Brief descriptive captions
--*--

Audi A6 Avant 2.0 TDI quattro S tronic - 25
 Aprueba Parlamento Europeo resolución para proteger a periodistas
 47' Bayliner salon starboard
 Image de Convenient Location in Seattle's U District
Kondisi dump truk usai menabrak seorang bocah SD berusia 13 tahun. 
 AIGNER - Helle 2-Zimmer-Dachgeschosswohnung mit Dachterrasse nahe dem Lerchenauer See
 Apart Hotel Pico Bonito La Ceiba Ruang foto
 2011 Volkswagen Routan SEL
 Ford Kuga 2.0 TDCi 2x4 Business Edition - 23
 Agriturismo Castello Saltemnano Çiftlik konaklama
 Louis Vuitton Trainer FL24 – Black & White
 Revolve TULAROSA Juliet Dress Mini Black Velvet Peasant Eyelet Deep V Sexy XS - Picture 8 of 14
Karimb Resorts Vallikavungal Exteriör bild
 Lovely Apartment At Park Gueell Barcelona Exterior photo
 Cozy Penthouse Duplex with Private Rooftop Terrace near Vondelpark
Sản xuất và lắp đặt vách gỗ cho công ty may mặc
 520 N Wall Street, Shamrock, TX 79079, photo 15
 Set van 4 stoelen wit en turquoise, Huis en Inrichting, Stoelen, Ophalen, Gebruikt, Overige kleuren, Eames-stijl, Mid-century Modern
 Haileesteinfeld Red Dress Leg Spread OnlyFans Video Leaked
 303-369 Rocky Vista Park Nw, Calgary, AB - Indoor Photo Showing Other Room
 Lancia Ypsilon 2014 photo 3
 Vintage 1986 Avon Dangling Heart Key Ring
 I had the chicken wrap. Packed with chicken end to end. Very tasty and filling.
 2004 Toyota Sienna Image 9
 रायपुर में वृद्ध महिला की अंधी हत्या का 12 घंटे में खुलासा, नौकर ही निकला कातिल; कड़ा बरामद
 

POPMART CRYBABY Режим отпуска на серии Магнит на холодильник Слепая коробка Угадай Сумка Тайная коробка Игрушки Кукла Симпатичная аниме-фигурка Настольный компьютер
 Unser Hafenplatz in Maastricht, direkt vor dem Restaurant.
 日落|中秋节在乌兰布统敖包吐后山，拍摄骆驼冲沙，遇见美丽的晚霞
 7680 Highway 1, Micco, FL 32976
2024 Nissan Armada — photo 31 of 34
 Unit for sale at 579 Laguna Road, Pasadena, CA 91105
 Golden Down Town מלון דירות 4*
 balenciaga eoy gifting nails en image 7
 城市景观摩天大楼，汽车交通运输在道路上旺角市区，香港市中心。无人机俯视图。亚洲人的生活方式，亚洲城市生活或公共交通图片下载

--*--

#### [WHAT IS EXPECTED]
Please report every line among the entries that includes "with".

#### [ANSWER AREA]
 Cozy Penthouse Duplex with Private Rooftop Terrace near Vondelpark
 I had the chicken wrap. Packed with chicken end to end. Very tasty and filling.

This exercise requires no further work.